Data extracted from a collection
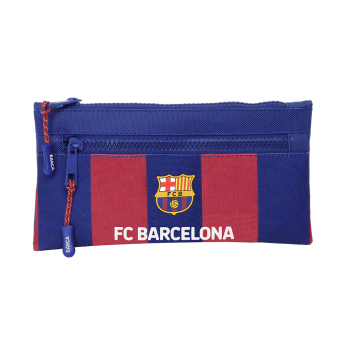 FC Barcelona penar 24/25 Double Home
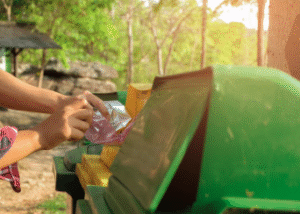 Green-Bin-Service-SA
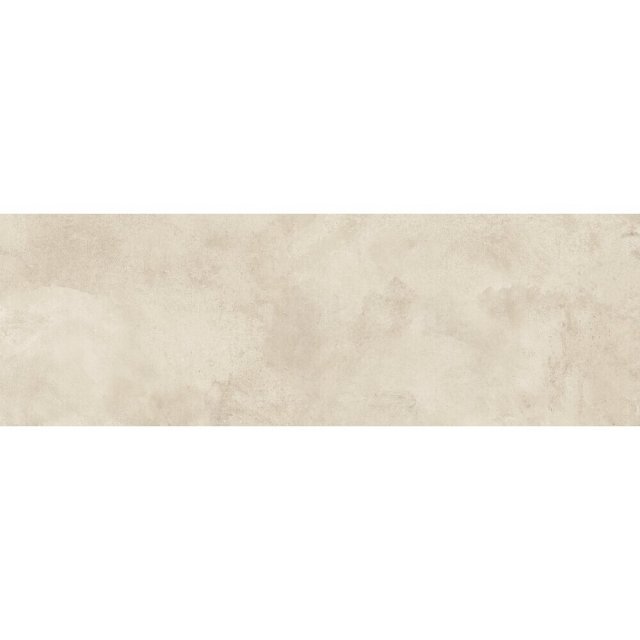 Płytka ścienna CALM COLORS cream mat 39,8x119,8 gat. II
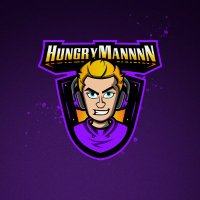 HungryMan (@hungrymannnn1) 's Twitter Profile Photo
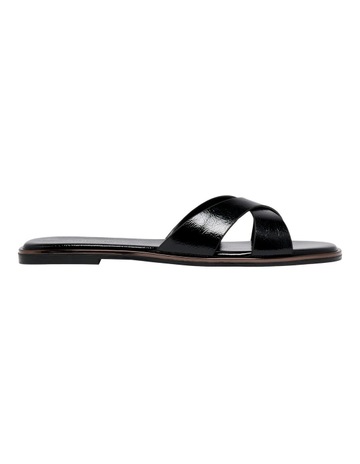 Black colour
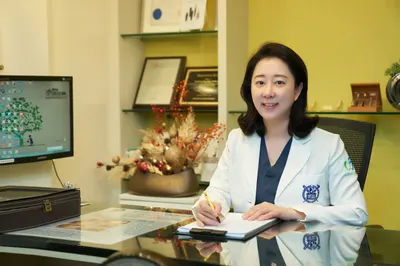 마포사과나무치과의원 — 업체가 네이버 플레이스에 올린 사진 3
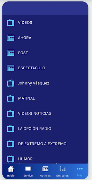 Telemicro ภาพหน้าจอ 1
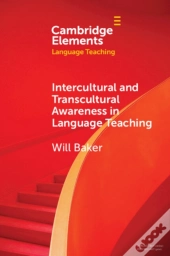 Intercultural And Transcultural Awareness In Language Teaching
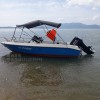 百勝20電啟后操船外機(jī),4沖程廠家銷售,船掛機(jī)報(bào)價(jià)表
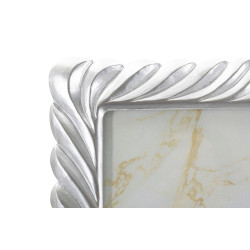 Cornice portafoto Carvy – 26,3 × 1,6 × 31,2 cm (dimensioni interne: 20 × 25 cm)
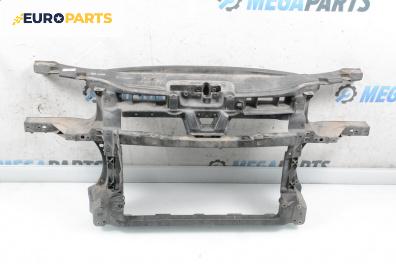 Маска за Volkswagen Touran Minivan I (02.2003 - 05.2010), хечбек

:: ABOUT THIS EXERCISE ::
Write out the records above in full and exactly, with no pictures.

:: RESULT OF THIS TASK ::
 FC Barcelona penar 24/25 Double Home
 Green-Bin-Service-SA
 Płytka ścienna CALM COLORS cream mat 39,8x119,8 gat. II
 HungryMan (@hungrymannnn1) 's Twitter Profile Photo
 Black colour
 마포사과나무치과의원 — 업체가 네이버 플레이스에 올린 사진 3
 Telemicro ภาพหน้าจอ 1
 Intercultural And Transcultural Awareness In Language Teaching
 百勝20電啟后操船外機(jī),4沖程廠家銷售,船掛機(jī)報(bào)價(jià)表
 Cornice portafoto Carvy – 26,3 × 1,6 × 31,2 cm (dimensioni interne: 20 × 25 cm)
 Маска за Volkswagen Touran Minivan I (02.2003 - 05.2010), хечбек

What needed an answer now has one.